Assassins

5
Reviewer's Rating

Fresh from reviewing ‘Gypsy, to which Sondheim contributed the lyrics, and then coming to ‘Assassins’, it is astonishing to see the creative distance the composer travelled between 1959 and 1990, and the transformation in the American musical achieved in those decades, much of it thanks to his determination to locate music solely within a compelling and specific dramatic context. Instead of showpiece numbers, easily detachable from the show, we have in ‘Assassins’ a consistently uncomfortable, serious-minded concept show rather than a simple songfest. The case studies of nine of the individuals who have shot and on occasion killed American presidents offer a series of contrasted character portraits, but also an analysis of the American Dream gone sour.
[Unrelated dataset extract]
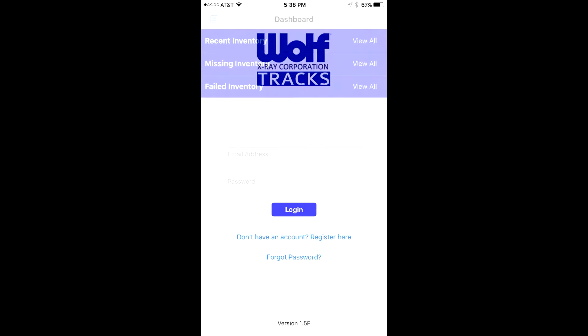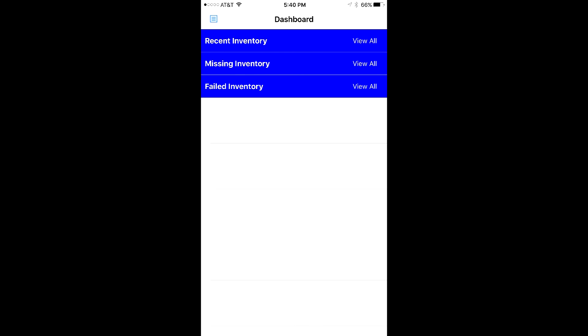Once logged in, you have a series of options to choose from, while first being brought to the QuickView dashboard that lays out the recently entered aprons, missing aprons, along with any failed inspections.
In a long scene devoted to Lee Harvey Oswald it is suggested that there is a narrow line in American life between the disappointment represented by the wan failure and suicide of Willy Loman in ‘Death of A Salesman’ and deciding to shoot the president. In both cases there is a desire to assert that ‘attention must be paid.’ The serious and the satirical elements of this show are best interpreted through this lens.
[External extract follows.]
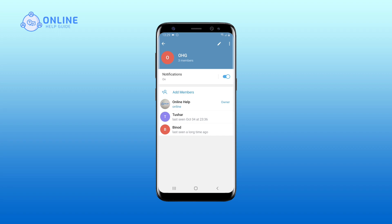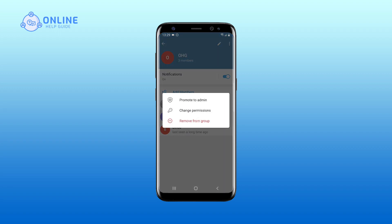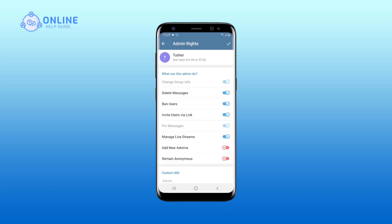On the members list, long tap on the person you want to make admin. Tap on 'Promote to Admin.' Then tap on the tick icon at the top right of your screen.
Lizzie Clachan’s design locates the action in the full razzamatazz of a political convention – the set is decked out in red, white and blue and focuses on a podium lecturn and curtain which later on reveal a mock-up of the Oval Office beyond. A walkway thrusts out into the auditorium and the band are in a recessed pit at the front of the stage. An electric chair, a gibbet and other paraphernalia of execution emerge and then return below the stage. There is a lot of flexibility for individual movement and choreographed group action, which develops through the evening in a lucid flow avoiding the potential flaw of fragmentation. This is evident right from the start as cheer-leaders get the audience going with a mexican wave alongside feel-good standards belted out through the sound system.

Limitations of space prevent detailed analysis of all the portrayals on offer here, but suffice to say that each character makes a powerful impression and there are no weak links. Danny Mac stands out as John Wilkes Booth, not only for the forceful portrayal of his own ballad, hinting at thespian vanity as much as principle in his motivations, but also for his coordinating role among the group as a whole. Harry Hepple, as the seriously unbalanced Charles Guiteau finds a manic camp intensity that is a wonderful comic match to the waltz theme Sondheim gives him; and Amy Booth-Steel regularly steals the show as the hapless Sarah Jane Moore, as chaotic as a wannabe assassin as she was in the rest of her life.

It was a deft idea to divide the role of the Balladeer, who provides much of the linking material, into three, allocated between different political commentators and set against a backcloth of video material that might be from CNN or Fox News. At a stroke the action is updated from the 1990s to the present day with full plausibility, melding the worlds of entertainment, celbrity and politics in a way that the show eerily anticipates.

There are some tart and delicious sonorities in the band, registering the panoply of references in the music to elements of American musical traditions, whether Sousa marches, folk songs from down South, soft-core pop, barbershop harmonies, and the more high-brow vision of Aaron Copland, all tightly held together by musical director Jo Cichonska. But there are regular Sondheim trademarks too: the opening number, ‘Everyone has the right’, coordinated by Peter Forbes as the impresario, is in that double-edged jaunty vein he initiated with ‘Comedy Tonight’, and ‘Something Just Broke’ is the one straightforwardly plangent number, an exquisite evocation of the world-wide impact of the Kennedy assassination.

It is worth stressing that there is a lot of acting to do here too. In some of John Weidman’s scenarios there is more talk than music or action, and especially in the case of Samuel Byck whose meandering, borderline sane, monologue about the disappointments of his life and his determination to fly a plane into Nixon’s White House could easily go off the rails. It is a tribute to the skills of Nick Holder that this scene remains utterly compelling and was heard on press night in rapt attention.

This will never be a regular crowd-pleaser of a show. But that is not Sondheim’s purpose. He sets himself a much harder and ambitious target – the unveiling through both empathy and satire of a whole slice of American social history. This production realises that vision impeccably.